Advent is awkward because its mysteries are not the sort of things entertainers dressed as elves sing about. While the Church calls attention to reality, avuncular clergymen often succumb to fantasy themselves, with Christmas parties in Advent and wreaths without reason. Of course, this is illogical, because it contradicts the way the Logos arranged the world. The Logos, or the Word, is Jesus himself, who uttered all things into being by saying, “Fiat” — “Let there be.” And the first thing he let there be was light: “Light from Light” as the Creed chants it. But the only way to recognize the illogic of Christmas without Advent is to “walk as children of light” (Ephesians 5:8).

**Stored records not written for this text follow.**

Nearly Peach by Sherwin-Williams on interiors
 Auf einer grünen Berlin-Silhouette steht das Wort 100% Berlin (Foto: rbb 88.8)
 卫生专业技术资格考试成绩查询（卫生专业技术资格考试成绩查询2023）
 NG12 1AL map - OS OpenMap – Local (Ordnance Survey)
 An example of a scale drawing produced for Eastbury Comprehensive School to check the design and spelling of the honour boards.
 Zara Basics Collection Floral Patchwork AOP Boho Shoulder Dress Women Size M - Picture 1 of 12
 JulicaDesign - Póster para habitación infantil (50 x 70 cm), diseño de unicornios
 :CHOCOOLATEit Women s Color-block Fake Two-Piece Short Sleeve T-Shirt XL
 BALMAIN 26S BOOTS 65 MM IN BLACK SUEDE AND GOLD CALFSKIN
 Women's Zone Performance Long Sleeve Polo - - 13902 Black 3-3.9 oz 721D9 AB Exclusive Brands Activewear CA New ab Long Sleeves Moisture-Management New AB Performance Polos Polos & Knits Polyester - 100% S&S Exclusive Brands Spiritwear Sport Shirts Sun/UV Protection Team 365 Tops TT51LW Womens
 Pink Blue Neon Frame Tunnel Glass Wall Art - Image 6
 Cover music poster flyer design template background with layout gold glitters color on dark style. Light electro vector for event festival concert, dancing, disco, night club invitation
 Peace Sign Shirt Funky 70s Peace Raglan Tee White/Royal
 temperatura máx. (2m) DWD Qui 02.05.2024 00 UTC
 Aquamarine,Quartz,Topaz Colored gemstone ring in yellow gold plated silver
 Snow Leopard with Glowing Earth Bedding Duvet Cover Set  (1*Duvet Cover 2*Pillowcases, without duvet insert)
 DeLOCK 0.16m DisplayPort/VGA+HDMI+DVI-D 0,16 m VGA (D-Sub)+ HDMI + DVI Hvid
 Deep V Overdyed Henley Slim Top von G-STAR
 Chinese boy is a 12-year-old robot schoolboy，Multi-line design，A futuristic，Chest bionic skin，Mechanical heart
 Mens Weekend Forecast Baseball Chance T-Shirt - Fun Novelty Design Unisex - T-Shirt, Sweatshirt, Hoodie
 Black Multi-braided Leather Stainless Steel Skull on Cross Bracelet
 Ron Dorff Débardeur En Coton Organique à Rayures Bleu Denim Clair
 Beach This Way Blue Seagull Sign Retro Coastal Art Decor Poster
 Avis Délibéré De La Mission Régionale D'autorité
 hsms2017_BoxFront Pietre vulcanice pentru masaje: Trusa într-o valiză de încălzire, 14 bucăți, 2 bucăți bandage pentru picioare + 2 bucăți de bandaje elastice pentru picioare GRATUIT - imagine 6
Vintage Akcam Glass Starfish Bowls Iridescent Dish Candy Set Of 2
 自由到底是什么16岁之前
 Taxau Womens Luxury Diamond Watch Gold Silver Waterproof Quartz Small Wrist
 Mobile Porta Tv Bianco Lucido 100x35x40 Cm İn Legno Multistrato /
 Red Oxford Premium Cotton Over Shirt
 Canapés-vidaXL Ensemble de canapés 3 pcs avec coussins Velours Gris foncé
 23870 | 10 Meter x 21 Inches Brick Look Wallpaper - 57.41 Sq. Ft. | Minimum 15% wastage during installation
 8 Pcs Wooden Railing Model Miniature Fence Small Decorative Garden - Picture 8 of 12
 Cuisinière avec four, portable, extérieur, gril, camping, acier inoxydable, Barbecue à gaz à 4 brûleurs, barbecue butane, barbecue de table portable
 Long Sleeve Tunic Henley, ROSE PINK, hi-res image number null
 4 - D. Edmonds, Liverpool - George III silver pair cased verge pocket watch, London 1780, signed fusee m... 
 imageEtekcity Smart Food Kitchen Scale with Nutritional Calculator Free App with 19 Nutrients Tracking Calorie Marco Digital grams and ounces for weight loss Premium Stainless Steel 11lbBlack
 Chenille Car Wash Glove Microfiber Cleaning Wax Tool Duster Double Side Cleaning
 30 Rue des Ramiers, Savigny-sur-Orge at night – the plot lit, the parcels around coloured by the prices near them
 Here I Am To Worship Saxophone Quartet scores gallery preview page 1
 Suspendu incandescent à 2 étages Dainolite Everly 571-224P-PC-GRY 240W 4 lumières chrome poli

The choice of darkness rather than light is a preference for the Prince of Darkness rather than Christ the Light. The best way to walk in the Light is to get rid of the darkness in the soul, and so Advent is a prime time for confessing sins in the Sacrament of Reconciliation. Then the penitent is re-united with the Light of the World. Christ sheds light on Death, Judgment, Heaven and Hell, giving moral cogency to the mystery of life itself. “He is before all things, and by him all things are held together" (Colossians 1:17). As the highest truths are very simple, the simplest logic is this: Without the Christ of Christmas, all things fall apart.
[Hat tip to JM]

1 comment:

  1. I like Fr. Rutler. I served for him at All Saints in Flint, when he celebrated the anniversary Mass for the Traditional people. I like his writings, but don't know if he has changed since he has gotten a parish, and now is at another parish. He is, like us, a convert.